France’s highest administrative court will rule next week on a challenge brought by competitors of Electricite de France SA to the energy minister’s decision to cancel an increase in power tariffs.

“Fog has reappeared” on the question of power rates, Judge Edmond Honorat told a hearing today of the Conseil d’Etat in Paris. “It’s a problem for operators if the state changes its mind all the time.”

Segolene Royal announced on a morning talk show in June that a 5 percent increase in state-set electricity prices planned for Aug. 1 would be canceled and replaced by a new calculation method. The unexpected news rattled investors, wiping as much as 6 billion euros ($7.9 billion) off EDF’s market value during trading that day.

The consequences of Royal’s decision on power distributors including state-controlled EDF is “colossal,” Fabien Chone, president of Anode, which represents alternative power and gas suppliers, told the hearing.

The group argued in court that regulated power prices don’t reflect EDF’s costs and consumers need to pay more. Lawyers for the government said a new decree on power rates would “probably” be made public in October.

Anode’s decision to turn to the court is the latest in a long series of legal battles over regulated power and natural gas prices. The court ruled in April that a 2 percent rise in power rates decided by the government in July 2012 was too low. It also made a series of decisions that led to higher gas rates.

Cover Costs

By law, rates are supposed to cover costs for utilities EDF and GDF Suez SA, the former power and gas monopolies, and the country’s regulator makes recommendations about how tariffs should be modified to fulfill this requirement. The advice isn’t always heeded by energy ministers.

Anode, which represents competitors like Direct Energie, has pushed for higher regulated rates because it says it can’t compete on the French market when prices are too low.

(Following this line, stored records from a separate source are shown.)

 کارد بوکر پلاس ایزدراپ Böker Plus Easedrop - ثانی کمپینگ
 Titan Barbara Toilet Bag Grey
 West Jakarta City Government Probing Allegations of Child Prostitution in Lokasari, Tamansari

With her June 19 comments, Royal negated a decision by her predecessors to grant EDF significantly higher rate increases than in previous years. In mid-2013, the state raised tariffs by 5 percent and announced the same increase would be applied on Aug. 1 this year. The move improved investor sentiment on EDF shares, which climbed 46 percent over the year to June 18.

EDF shares were unchanged at 2:45 p.m. in Paris trading.